Merck Settles for $58 Million with 30 States
Merck and Co. Inc., has been ordered by the court to pay again. This time it will be $58 million that will be divided among 30 states. The settlement came in a case that had alleged deceptive advertising practices for the drug VIOXX® and the courts agreed.
VIOXX® is a drug that Merck promoted as a pain reliever. It came on the market in 1999. At that time, a very aggressive television advertising campaign was launched and this triggered a demand for prescriptions before the full effects of the drug were known. When later research proved that VIOXX® users had more than double the risk of heart attack and stroke, it was pulled from the market in 2004 amid a rash of lawsuits.
A total of 30 states and the District of Columbia have been involved in the 3-year investigation into Merck’s practices. Allegations were then presented that Merck was deceptive in playing down the health risks of the drug, especially having to do with two deaths that occurred during the drug’s trial period and the fact that it didn’t work in treating or preventing the onset of Alzheimer’s disease.
It was also discovered that Merck had paid ghostwriters to provide scientific articles about VIOXX®. The work of these company-paid writers was then published under the names of academic scientists who had been paid to take credit for the articles!
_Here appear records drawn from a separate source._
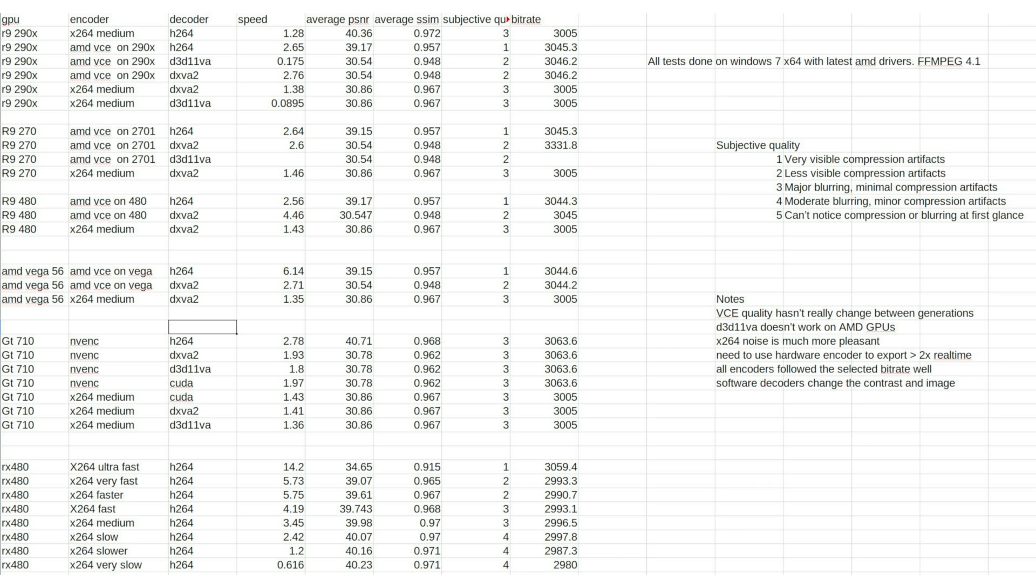D3D11VA does not seem to work on AMD cards. Or when it does, it is extremely slow. Basically unusable. DXVA2 works perfectly fine. It's needed if you want super high encode speeds.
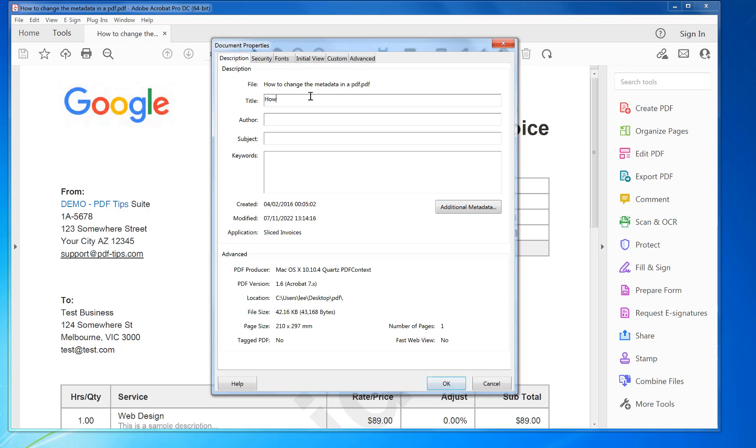I'm going to put in 'How to change metadata in PDF' and author my name, subject 'change metadata', and keywords usually put them comma separated so you're going to do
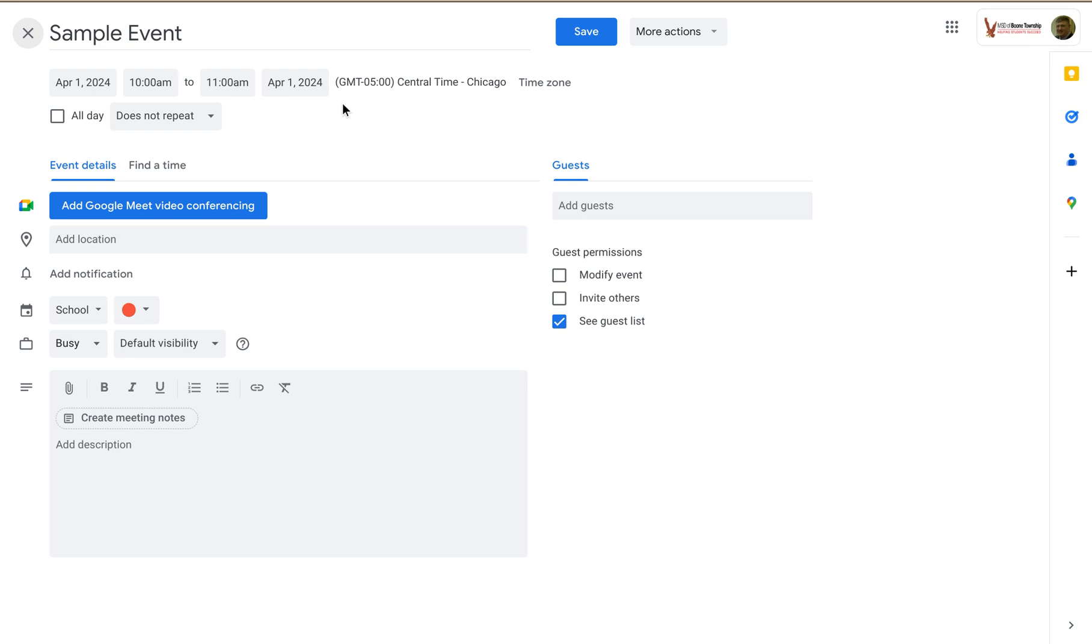So now that I've clicked on more options, notice I still have the option to add a Google Meet for video conferencing for this event for anyone who can't make it, who may be too far away.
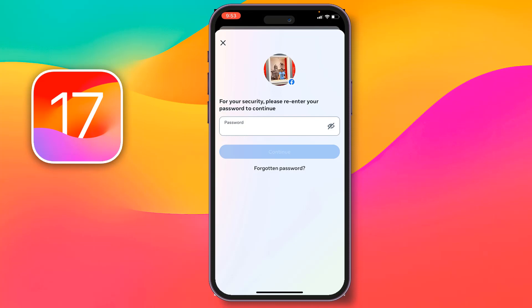After that, your Facebook account will be deleted. So that's how you can delete your Facebook account. If you face any problem, feel free to ask me in the comment box and I'll try to answer as soon as possible.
Arkansas is one of the states that will share in the settlement to the tune of $1,283,974.90. Perhaps a more meaningful result, in addition to the settlement to the 30 states, is that Merck’s advertising is now going to come under greater scrutiny from the U.S Food and Drug Administration. “Today’s judgment requires Merck to submit all “direct-to-consumer” television drug advertisements to the FDA, wait for approval and comply with FDA comments before running the advertisement,” said Arkansas Attorney General Dustin McDaniel. In other words, the FDA will now have the authority to assess all Merck direct-to-consumer advertising for any new drugs the company plans to release. They will also be required to submit all television ads to the FDA for possible revision and acceptance before they are run on television.
The attorney generals of the prosecuting states had expressed concerns regarding the negative effect drug advertising can have on the population when it begins immediately with the introduction of the new drug. One of the results is that doctors don’t have any opportunity to assess the drug and gain any experience with possible side effects before many of their patients are coming in to ask them about it and requesting a prescription.
In anticipating the settlement, Merck took a $55 million first quarter pre-tax charge to offset the $58 million they are now required to pay to the states.